Building Predictions

I decided that the label I wanted to start of by attempting to predict the annual return on the GBP to USD exchange rate so I remove the target variable from the DataFrame. I also drop all columns that refer to all other future returns since I will not have this data at hand when making predictions in real life. I split the data into train and test sets and loop through a few models I expect to give positive results, utilising cross validation sets.

        from sklearn.model_selection import train_test_split
        from sklearn.model_selection import cross_val_score
        from xgboost import XGBRegressor
        from sklearn.linear_model import LinearRegression, Ridge, Lasso
        models = [
        X_train, X_test, y_train, y_test = train_test_split(X, y, test_size=0.20, random_state=42)
        k_folds = 3
        model_scores = []
        for model in models:
            model_name = model.__class__.__name__
            accuracies = cross_val_score(model, X_train, y_train, scoring='r2', cv=k_folds)
            for accuracy in accuracies:
                model_scores.append([model_name, accuracy])
        df = pd.DataFrame(model_scores)
        ax = sns.boxplot(x=0, y=1, data=df)
        ax.set_title('R-Squared on Models Predicting Annual Return on GBP:USD Rate')

This results in the following plot, which shows the XGBoost is the most suitable algorithm for this particular problem. I then confirm this by evaluating the accuracy on the test set, achieving a 0.96 score. The relatively high score may indicate a case of overfitting; however I do not address this problem now. To get a quick idea of feature importance, I use a library called SHAP. I will explain the various uses of SHAP and other methods of interpreting models in another blog post.

Regression model results on annual data

Feature importance

I then change the target variable to the monthly return on the GBP:USD rate since this would be considerably more difficult to predict. Unsurprisingly, the model is less accurate, however still has significant predictive power at being able to explain 0.65 of the observed variance. With a bit of hyperparameter tuning, I find that the model XGBRegressor(max_deph=5, learning_rate=0.2, n_estimators=150) achieves 0.83 score.

Regression model results on monthly data

I then translate this into a classification problem by relabelling the target variable as being True if we see positive returns and False if see non-positive returns. Important to note that when looking at monthly return, the classes are fairly well balanced.
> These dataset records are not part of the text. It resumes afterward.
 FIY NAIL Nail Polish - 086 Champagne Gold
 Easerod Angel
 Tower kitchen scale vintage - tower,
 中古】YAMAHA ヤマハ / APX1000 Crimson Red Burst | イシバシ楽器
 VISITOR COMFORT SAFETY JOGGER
Here is the result along with a confusion matrix and a model summary.

Classification model results on monthly data

Confusion matrix

Classification report

In this case, the RandomForestClassfier method works the best of these three algorithms and produced an accuracy score of 0.91 on the test set, and sees positive results for both of the predictor classes.
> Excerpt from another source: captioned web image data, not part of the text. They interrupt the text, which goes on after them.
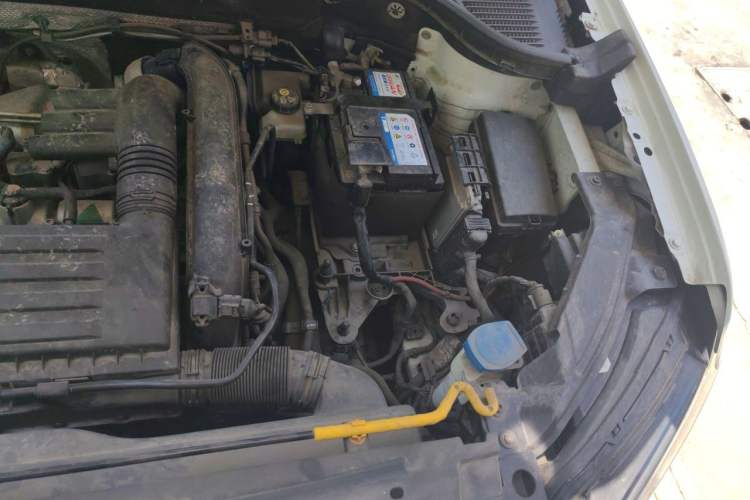 Used Volkswagen Tharu 2021 280TSI Two-Wheel-Drive Luxury Edition Engine Bay Left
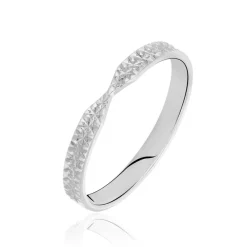 Alliance Or Blanc Diamantee-Histoire d'Or Discount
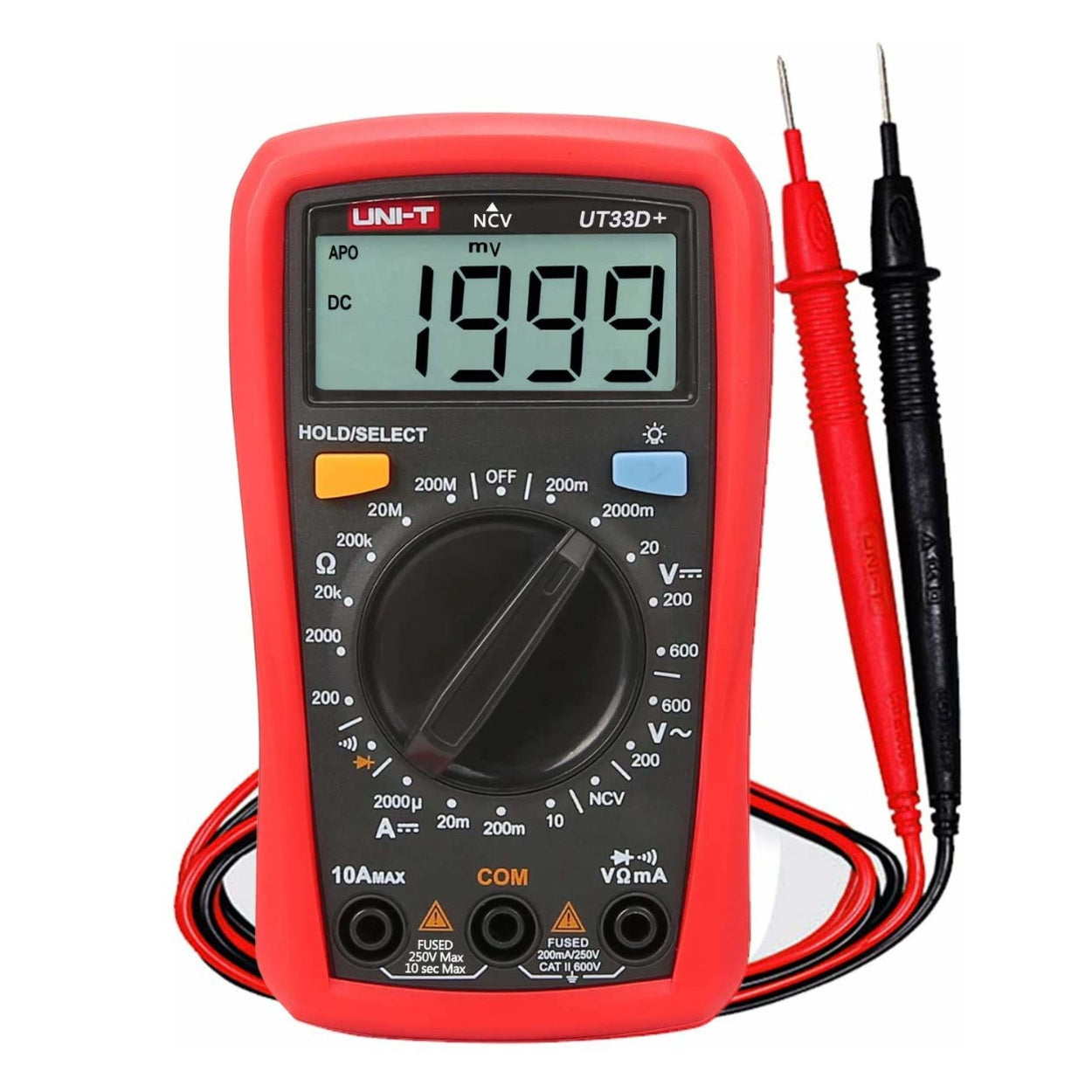 Digital Multimeter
Analysis has shown that there is significant predictive power in the collected and derived data in being able to predict annual and monthly GBP:USD rates, with the former being more successful. There is also interesting, however mostly likely non causual relationships between some exchange rates and price volatility. All the code can be found on Github and you are encouraged to play around and see if you can find similar results for other currencies.